# Macs $12 At 1st Choice



## Bribie G (11/7/12)

Heads up, Hoprocker, Sassy Red and Gold $12 a six pack at 1st Choice - $40 a slab. That's the 3 they had at Morayfield so maybe more in other less boganized suburbs. 

Picked up a six of rockhopper for tonight, it's 2 years since I was in Welly so will be interested to taste if they have maintained the quality.


----------



## craigo (11/7/12)

Bribie G said:


> Heads up, Hoprocker, Sassy Red and Gold $12 a six pack at 1st Choice - $40 a slab. That's the 3 they had at Morayfield so maybe more in other less boganized suburbs.
> 
> Picked up a six of rockhopper for tonight, it's 2 years since I was in Welly so will be interested to taste if they have maintained the quality.

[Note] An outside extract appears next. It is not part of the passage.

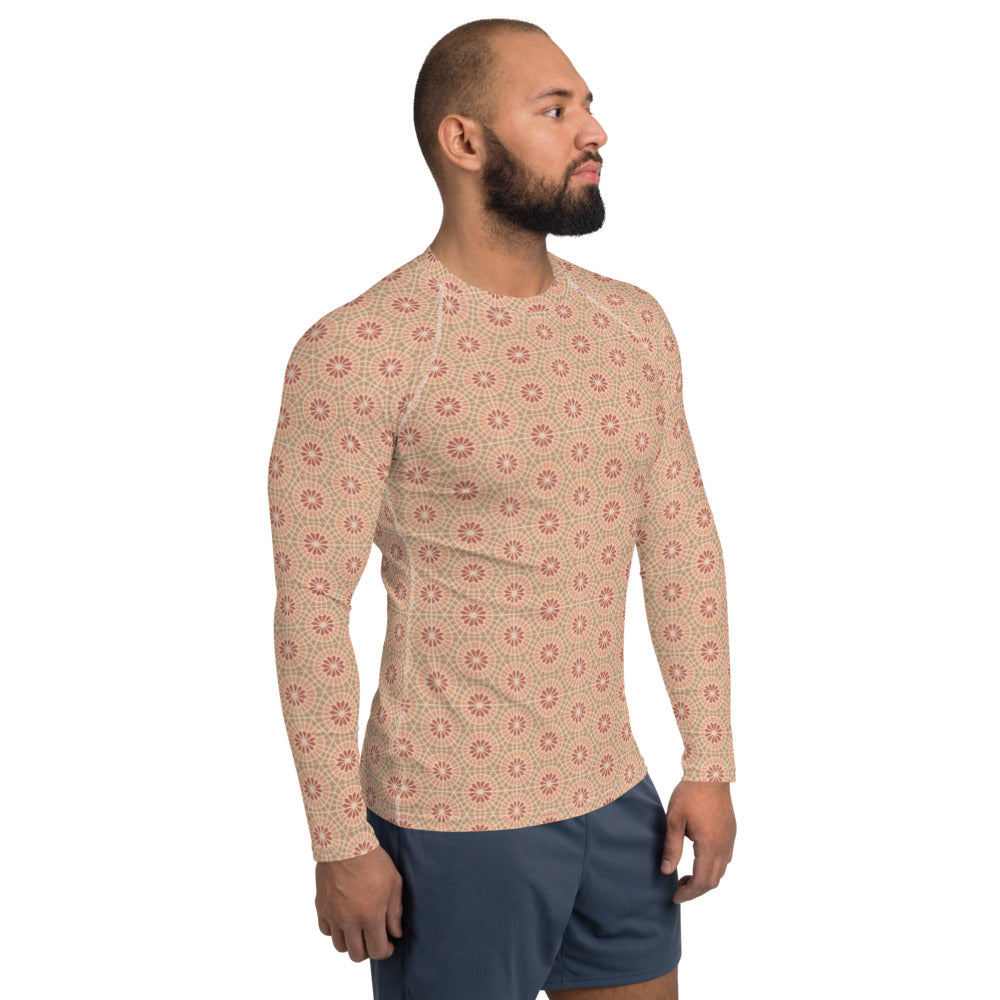 Men's Rash Guard - Geometric Star 2 - Cocoa and Cream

they had them for 10 bucks a sixer at bws last week not sure if there still that price


----------



## Bribie G (11/7/12)

Damn, ripped off again :lol:


----------



## Dunkelbrau (11/7/12)

My old man picked up 4 cartons of the hoprocker a couple of weeks ago, I went out and grabbed the sassy red, both nice tasting beers.

what's the gold like?


----------



## Bribie G (11/7/12)

Gold is ok, but only 4% so it's more of a mid. I had a couple at Macs on tap in Wellington - certainly a bit more body than Export Gold etc.


----------



## yum beer (11/7/12)

I found the Gold to be the best mid strength beer Ive ever had.


----------



## Bribie G (11/7/12)

Nice .... beer was good as well. B)


----------



## roverfj1200 (11/7/12)

I like the Hoprocker.......And the low carb lager was OK.


----------



## pokolbinguy (11/7/12)

Local BWS had the sixers for $12 each (only had the lager in stock though). Local woolies bottle shop had the Lager and Hoprocket listed at $45/ctn but when I went to pay got the Hoprocket carton for $40.

Got home, opened one for me and the old man...and low and behold....past the best before date. Grrr damn woolworths !!!


----------



## breakbeer (11/7/12)

Picked up a slab of Hop Rocker on the way home tonight for $40 (6 packs were $12) at Woolies


----------



## Danwood (11/7/12)

I got the last slab of Sassy Red at 1st Choice, Canterbury/Springvale Rd, Melbourne. Hope there's more to be had...very nice, malty-caramel bitter


----------



## Bribie G (30/7/12)

Just bought 2 sixers for $20 at BWS.

They also have a sign up saying they are increasing their range of craft beers, they sure are - they even had some from a New York brewery (forget which one) - maybe this is a "trickle down" effect from Dan Murphy? Anyway it's quite a step up for the Ningi store


----------



## Tony (30/7/12)

got 2 x 6 packs for $20 at woolworths yesterday and they went down a treat......... the pilsner is a nice beer at $10 a 6er!

Edit:

best before was November 2012 but it was still nice


----------



## Bribie G (30/7/12)

Aha yes, November on the H.R. as well, explains it. 


OT - when and where to HUBs meet? Heading down your way (well Taree-ish anyway) to live.


----------



## sponge (30/7/12)

Also picked up 2 x 6ers of the pils.

Bargain for $20 IMO.

Was down from $20 a 6er, to $12, and then another $2 off per 6er.

Might have to make another stop...


----------